Just to give you an idea 10% of the searches that we make daily are meant to help us better understand things that we don’t know well. These searches usually are directed to Wikipedia or can be answered directly by the search engine with its knowledge graph panels. With NLP you can provide immediately this information to the reader without having him or her jump somewhere else.
We see a lot of these examples where NLP is used to create in-links that matter to the reader. Look for example at how The Guardian is using it in its articles to connect articles around “Russia” and “Vladimir Putin”.
3. Content recommendation
When content is annotated using natural language processing, the metadata is stored in a machine-readable format like JSON-LD, Microdata or RDF. Machine Learning is good at classifying information and predicting for instance, what the user will like to read next.
Content recommendations greatly improve what SEOs called dwell time, the time that users spend on a website between the click on a search result and the return back to the SERP.
The more the recommendations are good the more readers remain engaged with the content.
Adding a semantic layer of metadata to the content greatly improves the machine learning models that we can build to help the user jump from one article to another.
A great work in this area has been done by PoolParty and here you can find an interesting presentation on their Semantic Classifier and how it can help you create content recommendations that combine semantic enrichments produced by NLP with neuronal networks. The intersection between NLP, Semantic Graphs, and Machine Learning is also referred to as Semantic AI.
4. Smart redirections and 404s handling
This is a fairly narrow and yet very powerful mechanism that allows a website, like Quora, that is built around topics to route the user to the right topic by intercepting all the alternative names a concept might have. You can see it in action by directing your browser to a topic page like this:
You will notice that your browser automatically redirects the request to the topic page for Search Engine Optimization located at the URL:
The web server of Quora has been configured to understand that “SEO” is equivalent for “Search Engine Optimization” and this is done by de-referencing the entity Search Engine Optimization in public knowledge graphs like DBpedia where all the synonyms for a given concept are described.
In other words for every topic page, by de-referencing each concept with the equivalent entity in large linguistic graphs, Quora is able to configure multiple 301 redirects to intercepts requests without having to worry about how each user is calling a specific concept. Yes, this configuration can be also easily implemented via WordLift 😉 when entities are detected by the NLP, WordLift de-reference them using Wikidata, DBpedia, Yago and other large semantic graphs.
5. Topic targeting
In recent years the attention has moved – at least for some SEO Experts – from targeting keywords to targeting topic clusters. As search engines are more capable of understanding the world around us and disambiguation comes into play the same results can be presented to the user across multiple searches that share the same intent; the competition is no longer on targeting a specific keyword but rather becomes about being relevant for a specific topic.
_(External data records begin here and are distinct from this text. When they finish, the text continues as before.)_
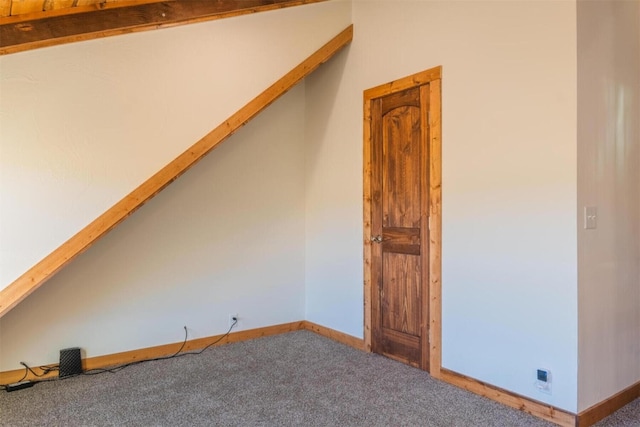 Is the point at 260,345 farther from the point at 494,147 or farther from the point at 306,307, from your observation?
the point at 494,147

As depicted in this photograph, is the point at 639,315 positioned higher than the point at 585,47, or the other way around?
the point at 585,47

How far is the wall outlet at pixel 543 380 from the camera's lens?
250 centimetres

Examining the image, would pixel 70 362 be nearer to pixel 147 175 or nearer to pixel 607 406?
pixel 147 175

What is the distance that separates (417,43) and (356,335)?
2.53 meters

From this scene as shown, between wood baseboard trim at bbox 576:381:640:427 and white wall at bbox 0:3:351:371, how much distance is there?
2.77 meters

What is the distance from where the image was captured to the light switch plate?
2426mm

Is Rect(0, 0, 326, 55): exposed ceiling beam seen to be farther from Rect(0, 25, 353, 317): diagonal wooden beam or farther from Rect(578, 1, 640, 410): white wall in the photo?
Rect(578, 1, 640, 410): white wall

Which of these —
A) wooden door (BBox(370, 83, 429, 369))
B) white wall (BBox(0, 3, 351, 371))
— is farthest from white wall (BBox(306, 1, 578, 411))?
→ white wall (BBox(0, 3, 351, 371))

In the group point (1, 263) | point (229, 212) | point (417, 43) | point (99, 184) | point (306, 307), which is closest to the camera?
point (1, 263)

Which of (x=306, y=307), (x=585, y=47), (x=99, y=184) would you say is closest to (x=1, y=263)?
(x=99, y=184)

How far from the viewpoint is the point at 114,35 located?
9.52ft

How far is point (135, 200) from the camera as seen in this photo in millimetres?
2955

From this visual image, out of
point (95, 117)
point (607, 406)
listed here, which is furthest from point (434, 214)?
point (95, 117)

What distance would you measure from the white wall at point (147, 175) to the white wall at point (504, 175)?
1143 millimetres
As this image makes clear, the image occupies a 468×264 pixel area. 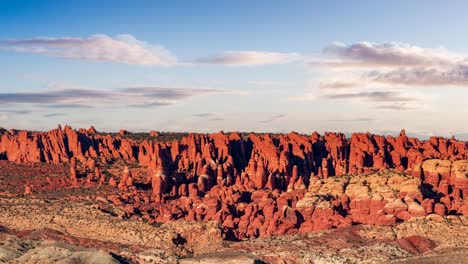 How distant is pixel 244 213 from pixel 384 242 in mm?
44130

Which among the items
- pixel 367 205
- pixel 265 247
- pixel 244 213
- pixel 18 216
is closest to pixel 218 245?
pixel 265 247

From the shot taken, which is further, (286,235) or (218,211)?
(218,211)

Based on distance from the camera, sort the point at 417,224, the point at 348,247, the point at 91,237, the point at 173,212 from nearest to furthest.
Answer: the point at 348,247 < the point at 417,224 < the point at 91,237 < the point at 173,212

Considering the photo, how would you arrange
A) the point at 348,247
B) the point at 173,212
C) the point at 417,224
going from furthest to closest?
the point at 173,212
the point at 417,224
the point at 348,247

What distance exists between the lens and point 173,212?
184375mm

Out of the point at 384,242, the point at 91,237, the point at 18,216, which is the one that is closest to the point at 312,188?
the point at 384,242

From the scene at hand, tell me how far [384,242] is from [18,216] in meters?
90.8

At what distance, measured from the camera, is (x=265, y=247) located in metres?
152

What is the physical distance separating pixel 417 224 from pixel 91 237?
2898 inches

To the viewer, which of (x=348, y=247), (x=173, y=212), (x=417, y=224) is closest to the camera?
(x=348, y=247)

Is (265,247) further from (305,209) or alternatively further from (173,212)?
(173,212)

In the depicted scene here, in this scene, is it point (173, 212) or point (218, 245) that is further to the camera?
point (173, 212)

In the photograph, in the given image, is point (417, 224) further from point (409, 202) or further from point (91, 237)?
point (91, 237)

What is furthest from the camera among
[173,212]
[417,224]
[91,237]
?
[173,212] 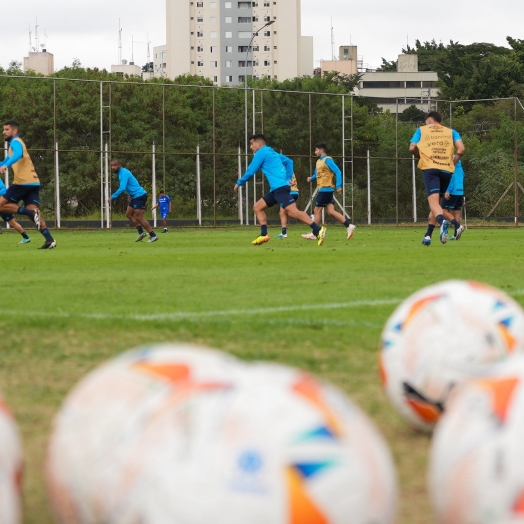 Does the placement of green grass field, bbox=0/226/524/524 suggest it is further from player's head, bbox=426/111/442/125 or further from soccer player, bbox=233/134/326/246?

Relevancy, practically speaking, is achieved by expanding a topic in all the directions that might be of interest to our user.
With linguistic AI and word-vectors, we can start exploring a concept to see how it is semantically related to other concepts. This can guide us in building the proper context around it – there is a very interesting article on Word-Vectors and SEO implications that you should read to learn more about this technique.
If you want to start immediately playing with Word Vector I also suggest you spend some time playing with Google Semantris. You will see what machine learning can do when applied to semantics.
6. SERP Analysis with NLP
When you start analyzing multiple keywords and how they behave over time you basically look at the top 10 or 20 results for each keyword and how Google ranks the content behind each website. As keywords to track increase it becomes extremely complex to understand the trends behind all these web pages.
Back in 2013, as we were doing agency work for a Fortune 500 company, we started to use natural language processing across SERPs to get an immediate overview of what “entities” were driving these rankings and how the content was evolving as Google was updating its results on the target keywords.
I was very pleased to find a great presentation by Stephan Solomonidis that describes exactly this same process.
NLP and entity extraction, as well as Semantic AI (the use of knowledge graphs and machine-learning), are heavily used today by large online properties like TheGuardian or TNW, as well as social networks like Quora. With tools like WordLift, these technologies can be immediately used on personal blogs, e-commerce websites and mid-sized content magazine to improve SEO and to boost user engagement.
APIs provided by Microsoft, IBM, Google or open source technology providers like Redlink can help SEOs in quickly reading content more effectively with the of an AI that can scan pages at the speed of light.
Use NLP and large public graphs like Wikidata and DBpedia to improve the structured data markup on your pages
Create relevant links and describe the topic that is relevant to your target audience
Exploit semantically-rich metadata to improve the quality of the content recommendation on your site
Configure smart redirections and 301s by de-referencing entities and expanding the synonyms of a given topic (so that users can always find the page they want on your website)
Play with word-vectors to find inspirations on concepts that you might want to cover in order to become relevant for a specific topic 6. Analyse your competitors using NLP to quickly track what concept is driving the changes in the SERPs of Google.
24 years ago, before anyone had ever heard of a tweet, a Facebook timeline, or even what it meant to “Google” something, there was France.com. Jean-Noel Frydman began this website as a way for those around the world to get an up-close look at what France has to offer.
The world of technology is constantly changing, but not always in a positive way. Unfortunately, in 2015, the French Ministry of Foreign Affairs created a lawsuit against France.com stating that the use of the name “France” was against French law. The laws regarding the online world are not apparent to everyone, but they can be found on ICANN.org.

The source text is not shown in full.